The NDRE is responsible for the actual construction of the interaction point, as well as for securing technical access to the signals at the interaction point and further transmitting them to its own systems. While the network operator or service provider is obliged to bear the costs associated with the transmission of the signals to the interaction point, the NDRE bears the costs associated with the operation of the interaction point.

These requirements fall under the remit of defence intelligence conducted to support the Swedish foreign, security and defence policies and for mapping external threats to the country.

Chapter 6, section 19(a) also obliges any network operator or service provider that carries signals over the Swedish borders through cables to disclose to the NDRE any information in its possession that makes it easier for the NDRE to manage and intercept the signals accessed at an interaction point, for example, the title, architecture, bandwidth, or direction of the connections and the type of signalling. The obligation applies to all network operators or service providers that carry cross-border signals, and not only to the network operators and service providers that own the cables. 

CODE (1942:740) OF JUDICIAL PROCEDURE (RÄTTEGÅNGSBALK (1942:740) (THE “CJP”)

Pursuant to chapter 27, section 21, the general obligation for network operators and service providers to provide interception assistance is qualified by the requirement that the requesting government agency obtains and presents a court order authorising interception. The request must be submitted to the competent court by a public prosecutor. According to chapter 27, section 18, a request for interception may only be granted in investigations relating to certain serious crimes. In this context, “serious crimes” include crimes for which the prescribed minimum penalty is imprisonment for two years or more, and offences such as sabotage, arson, espionage, and terrorism.

In addition, a court order will only be granted if the conditions set out in chapter 27, section 20 are fulfilled. Section 20 states that the use of interception must be of exceptional importance for the purpose of facilitating the criminal investigation in question.  The court order may only concern a particular number, address or the electronic communications equipment possessed by an individual who can reasonably be suspected of committing the crime under investigation.  It may concern another individual, if there are particular reasons to believe that they will be contacted by the suspect.

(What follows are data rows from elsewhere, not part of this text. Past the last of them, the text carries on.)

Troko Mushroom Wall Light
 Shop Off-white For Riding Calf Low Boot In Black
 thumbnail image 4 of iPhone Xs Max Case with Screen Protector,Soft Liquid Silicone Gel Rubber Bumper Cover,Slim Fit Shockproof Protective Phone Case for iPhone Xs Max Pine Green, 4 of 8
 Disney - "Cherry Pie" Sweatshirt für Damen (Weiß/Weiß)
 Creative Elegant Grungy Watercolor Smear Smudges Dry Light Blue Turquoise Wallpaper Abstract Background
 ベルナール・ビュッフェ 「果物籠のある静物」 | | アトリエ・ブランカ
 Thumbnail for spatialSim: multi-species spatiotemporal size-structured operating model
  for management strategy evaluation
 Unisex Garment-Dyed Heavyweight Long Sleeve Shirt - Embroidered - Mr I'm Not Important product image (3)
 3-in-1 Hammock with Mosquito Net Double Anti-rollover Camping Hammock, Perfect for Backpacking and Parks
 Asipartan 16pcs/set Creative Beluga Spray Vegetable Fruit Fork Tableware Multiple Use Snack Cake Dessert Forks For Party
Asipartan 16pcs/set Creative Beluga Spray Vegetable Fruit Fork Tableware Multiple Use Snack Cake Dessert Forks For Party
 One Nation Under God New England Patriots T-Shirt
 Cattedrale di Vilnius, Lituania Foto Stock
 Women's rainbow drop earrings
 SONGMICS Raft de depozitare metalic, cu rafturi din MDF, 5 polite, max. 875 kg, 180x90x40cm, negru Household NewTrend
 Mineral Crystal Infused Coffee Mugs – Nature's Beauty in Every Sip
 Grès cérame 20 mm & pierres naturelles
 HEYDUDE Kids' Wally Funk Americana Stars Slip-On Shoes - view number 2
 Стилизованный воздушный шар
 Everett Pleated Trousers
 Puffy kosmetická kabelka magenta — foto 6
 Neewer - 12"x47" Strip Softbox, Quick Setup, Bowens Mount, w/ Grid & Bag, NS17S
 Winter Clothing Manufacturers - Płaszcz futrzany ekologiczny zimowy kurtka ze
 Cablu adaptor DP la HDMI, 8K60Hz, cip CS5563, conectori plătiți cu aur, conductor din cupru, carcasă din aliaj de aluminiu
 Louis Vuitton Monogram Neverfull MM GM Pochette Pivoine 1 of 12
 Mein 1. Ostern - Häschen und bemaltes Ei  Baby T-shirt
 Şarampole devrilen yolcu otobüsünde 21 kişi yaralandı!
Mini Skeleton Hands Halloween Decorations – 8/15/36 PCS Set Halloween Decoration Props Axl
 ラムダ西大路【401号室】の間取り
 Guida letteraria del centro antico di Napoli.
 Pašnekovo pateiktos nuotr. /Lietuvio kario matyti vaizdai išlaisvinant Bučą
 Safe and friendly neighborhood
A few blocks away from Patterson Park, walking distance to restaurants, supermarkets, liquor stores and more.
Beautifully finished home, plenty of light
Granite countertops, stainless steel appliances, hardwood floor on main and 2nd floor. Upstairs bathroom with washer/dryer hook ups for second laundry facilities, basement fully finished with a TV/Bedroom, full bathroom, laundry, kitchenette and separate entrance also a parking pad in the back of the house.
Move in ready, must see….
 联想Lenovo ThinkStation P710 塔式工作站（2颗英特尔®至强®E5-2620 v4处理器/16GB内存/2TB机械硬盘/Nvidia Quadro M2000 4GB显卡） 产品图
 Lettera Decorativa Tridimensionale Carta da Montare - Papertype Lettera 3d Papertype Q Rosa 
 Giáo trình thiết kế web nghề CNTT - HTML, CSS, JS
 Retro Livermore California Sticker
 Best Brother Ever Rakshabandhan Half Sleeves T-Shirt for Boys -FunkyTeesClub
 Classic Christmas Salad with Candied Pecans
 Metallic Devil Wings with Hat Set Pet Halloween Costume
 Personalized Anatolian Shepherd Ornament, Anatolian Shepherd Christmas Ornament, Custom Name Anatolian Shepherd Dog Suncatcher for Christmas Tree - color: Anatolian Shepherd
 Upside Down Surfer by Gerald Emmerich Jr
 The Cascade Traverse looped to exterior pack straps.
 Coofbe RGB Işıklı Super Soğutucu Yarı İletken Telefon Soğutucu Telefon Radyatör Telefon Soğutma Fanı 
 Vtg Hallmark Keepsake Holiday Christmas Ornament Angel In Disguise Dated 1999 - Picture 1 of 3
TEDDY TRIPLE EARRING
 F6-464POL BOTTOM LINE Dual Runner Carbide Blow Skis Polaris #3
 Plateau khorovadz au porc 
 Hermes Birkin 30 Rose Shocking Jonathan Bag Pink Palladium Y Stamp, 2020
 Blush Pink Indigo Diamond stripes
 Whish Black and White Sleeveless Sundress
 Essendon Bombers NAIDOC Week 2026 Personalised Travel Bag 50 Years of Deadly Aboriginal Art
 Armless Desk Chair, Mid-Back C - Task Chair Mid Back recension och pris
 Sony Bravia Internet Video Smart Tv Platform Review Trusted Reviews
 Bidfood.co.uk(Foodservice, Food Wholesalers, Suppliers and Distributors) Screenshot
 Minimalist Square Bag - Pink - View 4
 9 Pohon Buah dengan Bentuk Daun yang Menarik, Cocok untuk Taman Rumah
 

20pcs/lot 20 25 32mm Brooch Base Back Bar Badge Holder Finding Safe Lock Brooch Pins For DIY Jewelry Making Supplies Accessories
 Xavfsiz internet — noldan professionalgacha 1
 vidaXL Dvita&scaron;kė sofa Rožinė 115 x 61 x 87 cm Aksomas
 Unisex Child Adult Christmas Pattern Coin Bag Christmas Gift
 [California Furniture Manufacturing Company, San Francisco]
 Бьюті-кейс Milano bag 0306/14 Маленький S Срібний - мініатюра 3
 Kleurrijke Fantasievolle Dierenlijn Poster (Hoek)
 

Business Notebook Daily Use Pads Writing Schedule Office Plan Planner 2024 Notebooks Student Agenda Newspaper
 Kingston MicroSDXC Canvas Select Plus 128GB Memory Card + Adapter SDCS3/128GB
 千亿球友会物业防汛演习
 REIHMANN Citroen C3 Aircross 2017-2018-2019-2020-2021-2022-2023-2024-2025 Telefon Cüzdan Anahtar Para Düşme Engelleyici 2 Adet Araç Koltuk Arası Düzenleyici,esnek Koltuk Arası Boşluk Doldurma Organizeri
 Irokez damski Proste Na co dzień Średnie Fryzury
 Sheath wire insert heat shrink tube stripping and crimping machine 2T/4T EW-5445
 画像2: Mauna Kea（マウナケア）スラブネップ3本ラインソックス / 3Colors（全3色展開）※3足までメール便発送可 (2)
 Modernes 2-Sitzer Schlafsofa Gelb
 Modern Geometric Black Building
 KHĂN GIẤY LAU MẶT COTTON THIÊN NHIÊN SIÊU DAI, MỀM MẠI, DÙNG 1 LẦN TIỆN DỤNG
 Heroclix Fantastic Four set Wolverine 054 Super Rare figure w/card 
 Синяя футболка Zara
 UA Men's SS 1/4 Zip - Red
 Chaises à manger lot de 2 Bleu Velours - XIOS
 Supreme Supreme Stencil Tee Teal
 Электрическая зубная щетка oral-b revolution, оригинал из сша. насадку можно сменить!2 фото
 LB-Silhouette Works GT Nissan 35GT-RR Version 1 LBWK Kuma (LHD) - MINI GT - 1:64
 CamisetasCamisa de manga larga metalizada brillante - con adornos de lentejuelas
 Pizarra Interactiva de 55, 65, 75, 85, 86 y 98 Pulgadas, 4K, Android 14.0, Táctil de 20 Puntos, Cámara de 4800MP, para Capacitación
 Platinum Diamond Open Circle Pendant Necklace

According to chapter 27, section 21(a), if the public prosecutor responsible for the investigation deems that awaiting the court order would result in a delay of material importance to the investigation, the public prosecutor may himself, without first obtaining a court order, render an interim order regarding secret interception. In such cases, the public prosecutor should inform the court of its decision following which the court must promptly evaluate the interim order. If the court does not find reasons to support the decision, it must revoke the earlier decision, in which case no information collected under the interim order may be used in the investigation, if such information is detrimental to the person concerned.

Under chapter 27, section 22, it is prohibited to intercept communications involving information entrusted to certain individuals in their professional capacity.  Such individuals are those who, according to chapter 36, section 5, are prohibited from disclosing information mentioned in the conversation. Examples of such individuals include advocates, physicians and freelance journalists, in relation to their sources.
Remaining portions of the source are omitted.